> The problem:
Without including any images, output the listing below exactly.

> Material provided:
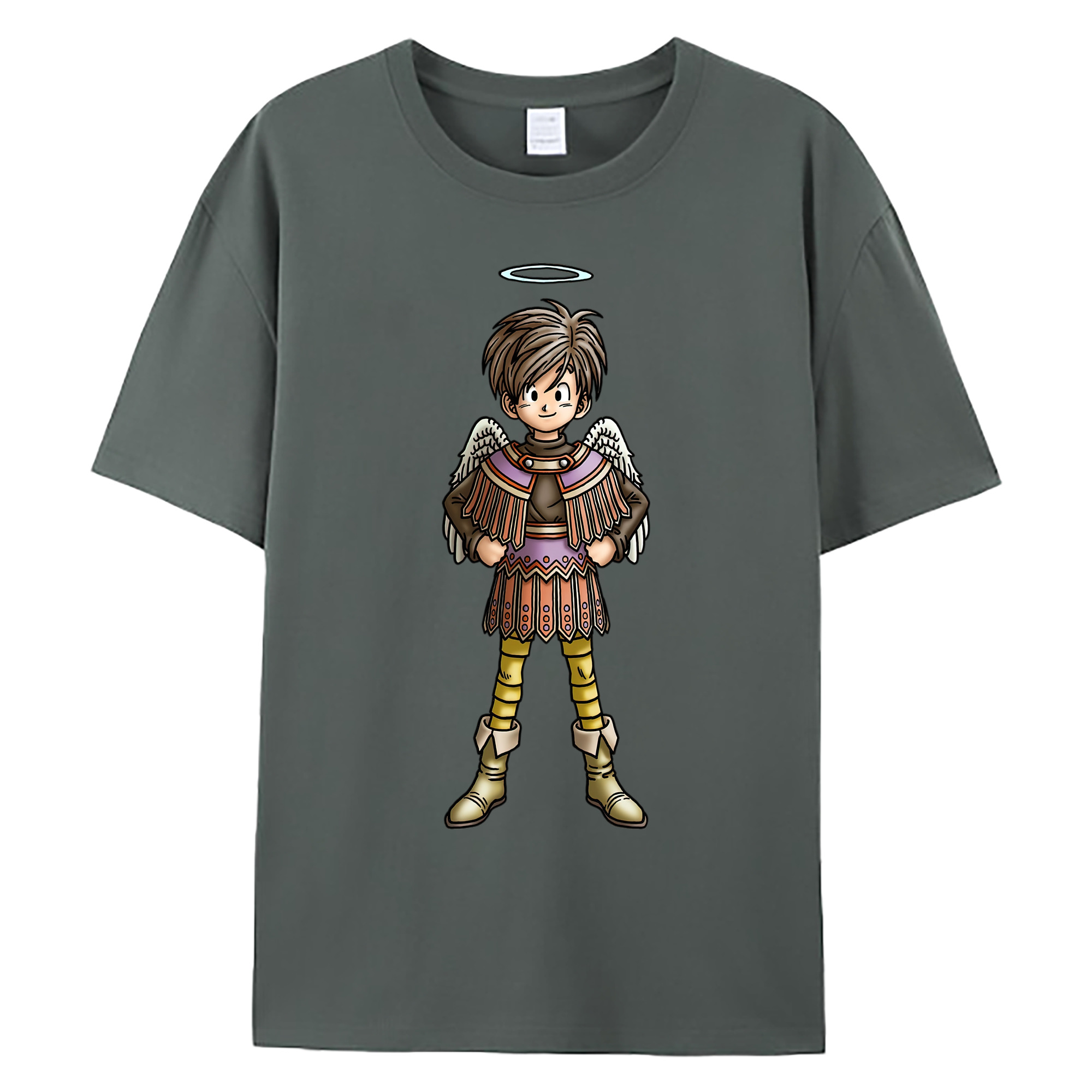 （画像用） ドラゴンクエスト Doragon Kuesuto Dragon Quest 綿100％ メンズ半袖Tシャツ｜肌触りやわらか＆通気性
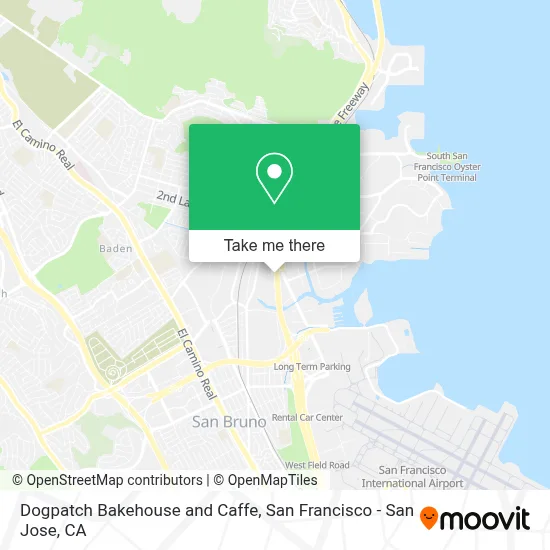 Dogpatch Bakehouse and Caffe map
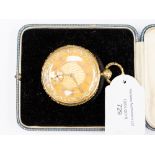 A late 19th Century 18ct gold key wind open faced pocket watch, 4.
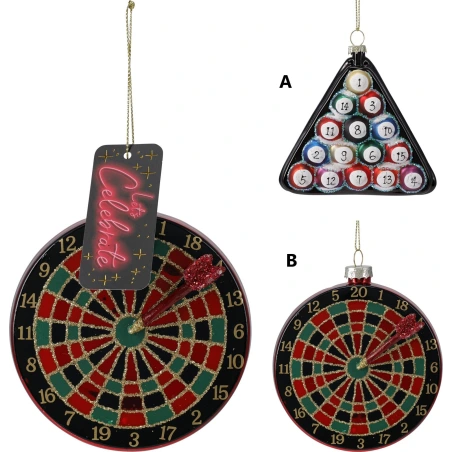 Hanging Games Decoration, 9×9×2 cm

> Final answer:
 （画像用） ドラゴンクエスト Doragon Kuesuto Dragon Quest 綿100％ メンズ半袖Tシャツ｜肌触りやわらか＆通気性
 Dogpatch Bakehouse and Caffe map
 A late 19th Century 18ct gold key wind open faced pocket watch, 4.
 Hanging Games Decoration, 9×9×2 cm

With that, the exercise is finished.